++++ Dataset extract ++++
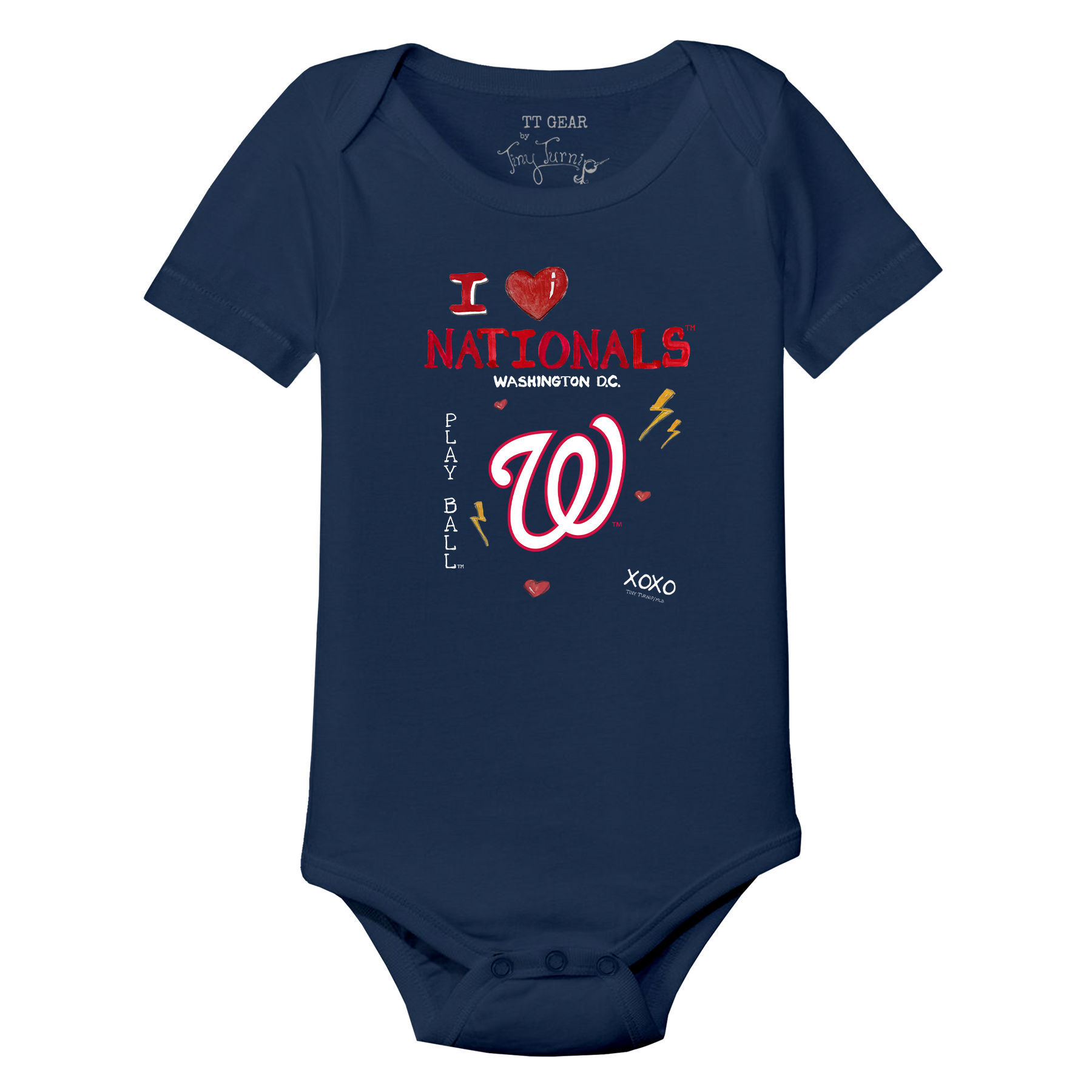 I Heart Nationals Short Sleeve Snapper - Tiny Turnip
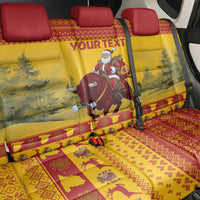 Personalized Spain Christmas Back Car Seat Cover Santa Riding Red Bull Feliz Navidad - Wonder Print Shop
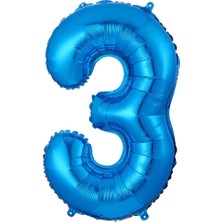 Partijet 3 Rakam Mavi Folyo Balon 40 cm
++++
Your job is to restate, word for word, only the lines from the one holding "Personalized Spain Christmas" through the end of the material; pictures stay out.

 Personalized Spain Christmas Back Car Seat Cover Santa Riding Red Bull Feliz Navidad - Wonder Print Shop
 Partijet 3 Rakam Mavi Folyo Balon 40 cm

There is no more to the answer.